Why in RF is connecting a 500 ohm load i.e. 10:1 SWR, to my amplifier's 50 ohm output, considered equally bad as causing a 10:1 SWR by connecting a 5 ohm load instead?

Do the two 10:1 SWR cases cause amplifier failure for different reasons? I wonder if in the 5 ohm case it is just a simple "too much current" like in the audio case, but in the 500 ohm case the transmission line somehow ends up increasing the voltage beyond what the transistors can handle.

Does it make any difference if we eliminate the transmission line altogether, so that standing waves can't really develop? Would it be okay to connect a high-impedance antenna feedpoint directly to a transmitter without problems, whereas a low-impedance antenna might still cause an overcurrent condition?

Answer 1

The VSWR isn't the problem per se, it's just the impedance that appears at the transmitter's terminals.
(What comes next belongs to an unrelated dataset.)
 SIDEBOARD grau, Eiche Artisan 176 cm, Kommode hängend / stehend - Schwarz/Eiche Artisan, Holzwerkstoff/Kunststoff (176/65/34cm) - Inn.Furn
Take the load at the end of the transmission line, transform it according to the electrical length of the feedline, and put that equivalent impedance right at the transmitter's terminals and you will have the same damage.

A particular VSWR can result in a range of impedances. For example 5:1 on a 50 ohm line can mean 10 ohms, 250 ohms, and a range of complex impedances in between. Some of those impedances may damage the transmitter, others may not. But since the length of the feedline isn't known, it's safest to keep the VSWR low.
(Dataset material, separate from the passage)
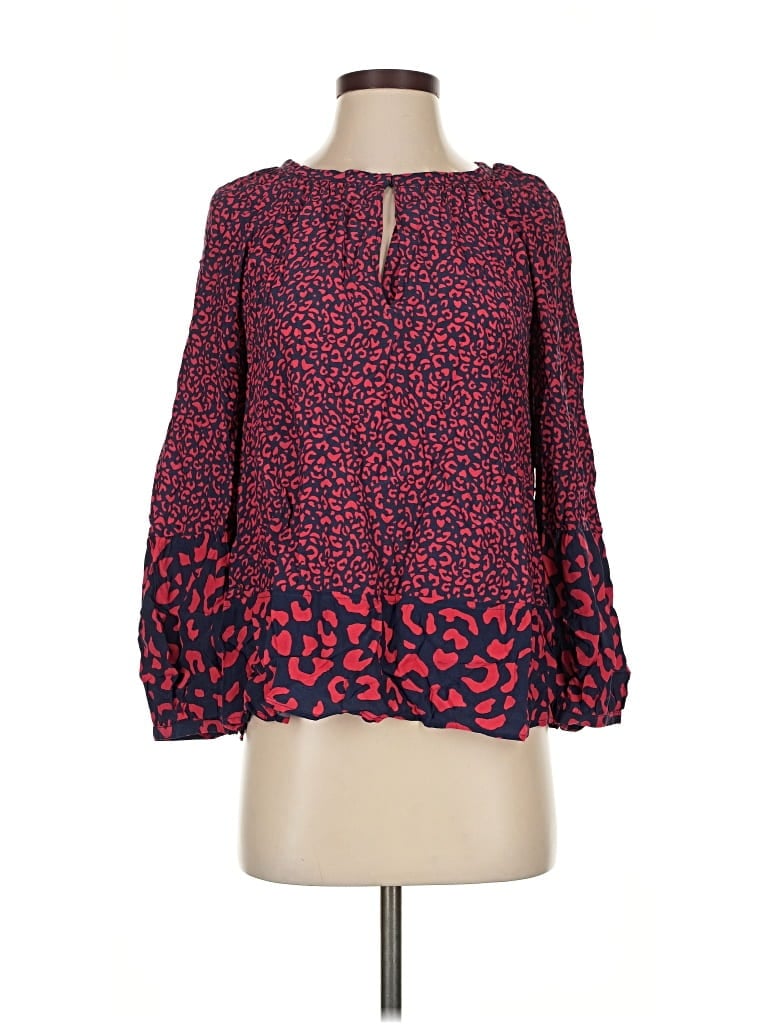 Pre-owned Vineyard Vines Long Sleeve Blouse In Red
So why can a mismatched load cause damage? In summary, the transmitter's final stage is made of reactive components, that is components that store and release energy. These reactive components are selected to have the load absorb some of that stored energy. Without that load absorbing energy, the energy instead appears as a high voltage or high current to appear somewhere which may not be equipped to handle it.

Let's give a very simple example to illustrate: a very simplified class-C common-source amplifier. You've probably seen such amplifiers with a resistor in place of L1, but for power amplifiers it's more common to use inductors to avoid the associated resistive losses.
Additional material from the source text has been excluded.